6. Si l'action du CHSCT qui s'est constitué partie civile devant la juridiction pénale sur les poursuites exercées par le ministère public du chef de délit d'entrave au fonctionnement du CHSCT, n'est pas étrangère à sa mission, les dispositions de l'article L. 4614-13 du code du travail ne bénéficient qu'au CHSCT et n'ouvrent pas à l'avocat de ce dernier une action directe, en son nom propre et pour son propre compte, contre l'employeur.

7. En l'espèce, l'arrêt constate que la facture n° 1904 du 10 juin 2016 d'un montant de 10 800 euros concernait la procédure pénale suivie contre l'employeur du chef du délit d'entrave au cours de laquelle le comité s'était constitué partie civile. Il relève cependant que, par arrêt de la chambre des appels correctionnels de la cour d'appel de Nîmes du 28 avril 2017, les citations directes de l'employeur par le ministère public pour délit d'entrave au fonctionnement du comité saisissant le tribunal correctionnel ont été annulées.

8. En conséquence, la cour d'appel a décidé à bon droit que l'avocat du comité ne disposait pas d'un recours contre l'employeur en paiement des honoraires facturés par lui, dès lors qu'il appartenait au comité de faire fixer par la juridiction civile, en fonction des diligences accomplies, le montant des frais de procédure devant être pris en charge par l'employeur en application de l'article L. 4614-13 du code du travail.

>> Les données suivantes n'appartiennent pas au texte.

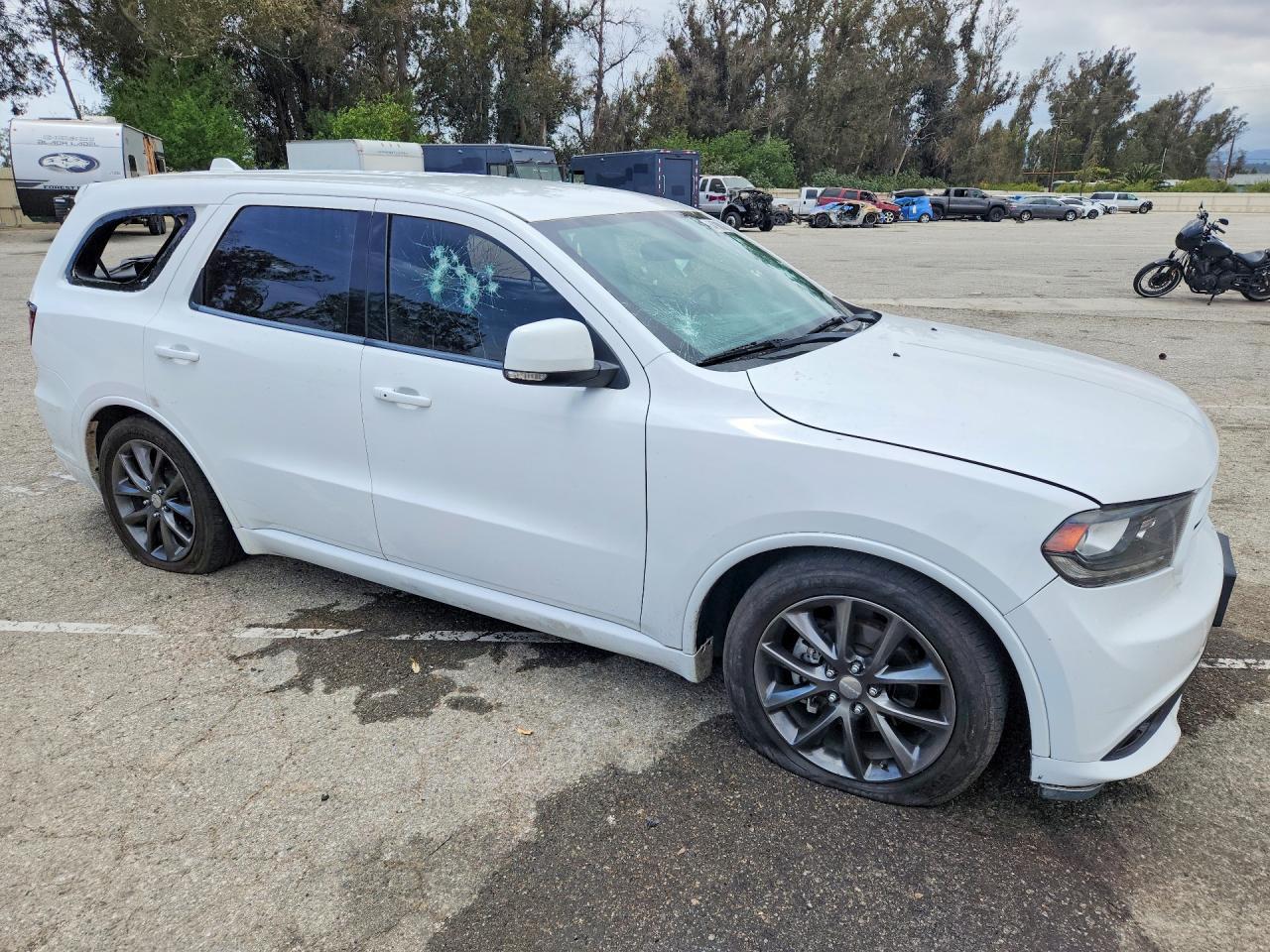 2018 Dodge Durango Gt - Image 4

9. D'autre part, il ne résulte ni de l'arrêt ni des conclusions de la société d'avocats devant la cour d'appel que le moyen fondé sur l'article 1er du Protocole additionnel n° 1 à la Convention de sauvegarde des droits de l'homme et des libertés fondamentales a été invoqué devant les juges du fond.

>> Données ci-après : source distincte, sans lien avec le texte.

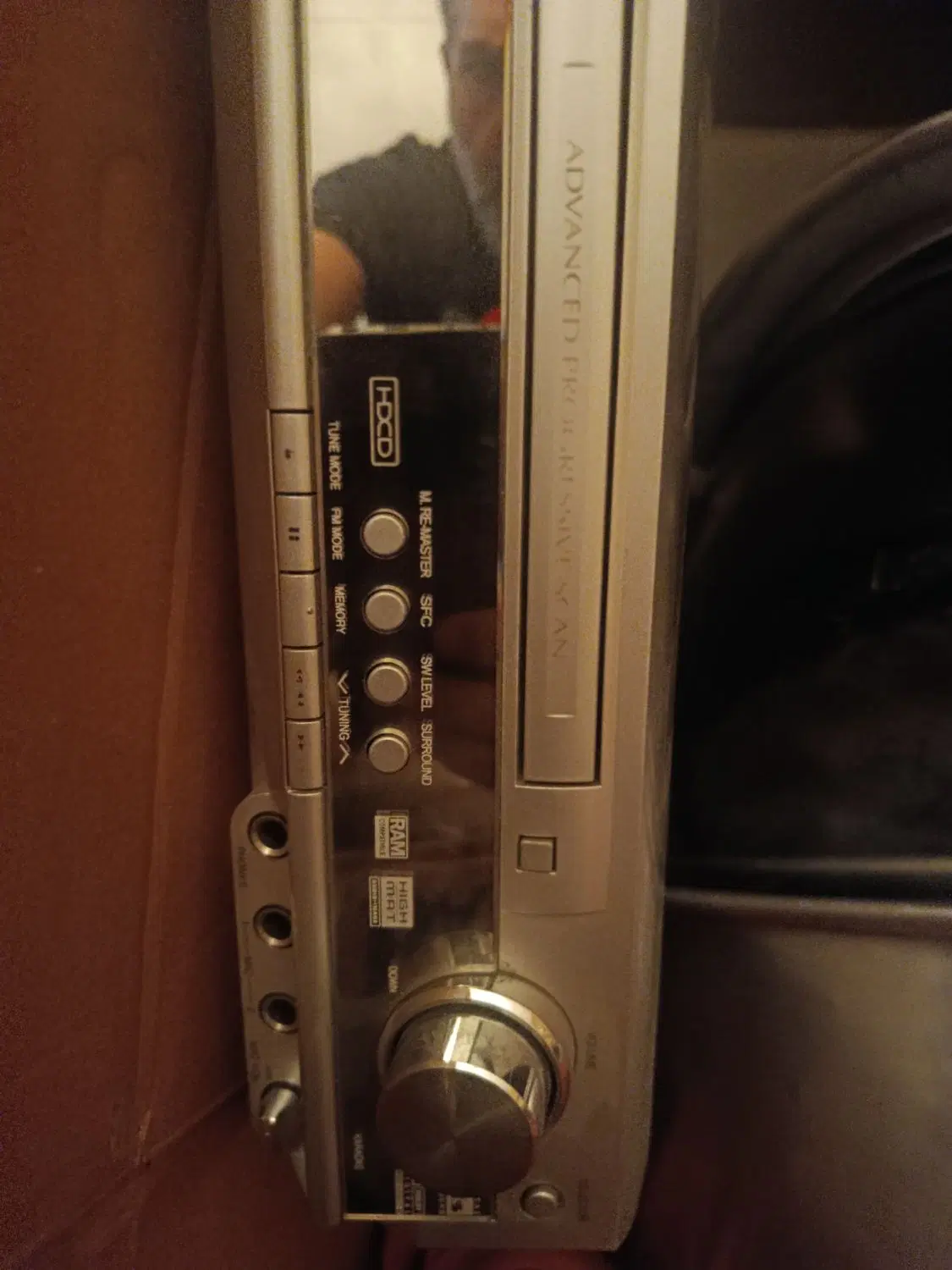 Panasonic dvd home theater|سیستم صوتی خانگی|تهران, فیروزآبادی|دیوار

10. Enfin, la société d'avocats n'est pas privée de tout recours effectif dès lors qu'en application de l'article 9, VI, de l'ordonnance n° 2017-1386 du 22 septembre 2017 relative à la nouvelle organisation du dialogue social et économique dans l'entreprise et favorisant l'exercice et la valorisation des responsabilités syndicales, l'ensemble des biens, droits et obligations, créances et dettes des comités d'entreprise, des comités d'établissement, des comités centraux d'entreprise, des délégations uniques du personnel, des comités d'hygiène, de sécurité et des conditions de travail et des instances prévues à l'article L. 2391-1 du code du travail dans sa rédaction antérieure à la publication de l'ordonnance, existant à la date de publication de l'ordonnance sont transférés de plein droit et en pleine propriété aux comités sociaux et économiques prévus au titre Ier du livre III de la deuxième partie du code du travail mis en place au terme du mandat en cours des instances précitées et au plus tard au 31 décembre 2019.

11. Le moyen, inopérant en sa première branche, n'est, dès lors, pas fondé en sa seconde branche.

PAR CES MOTIFS, la Cour :

REJETTE le pourvoi ;

Condamne la société Juris-Thalès aux dépens ;

En application de l'article 700 du code de procédure civile, rejette la demande formée par la société Juris-Thalès et la condamne à payer à la société Aldi marché [Localité 3] la somme de 3 000 euros ;

Ainsi fait et jugé par la Cour de cassation, chambre sociale, et prononcé par le président en son audience publique du premier juin deux mille vingt-trois.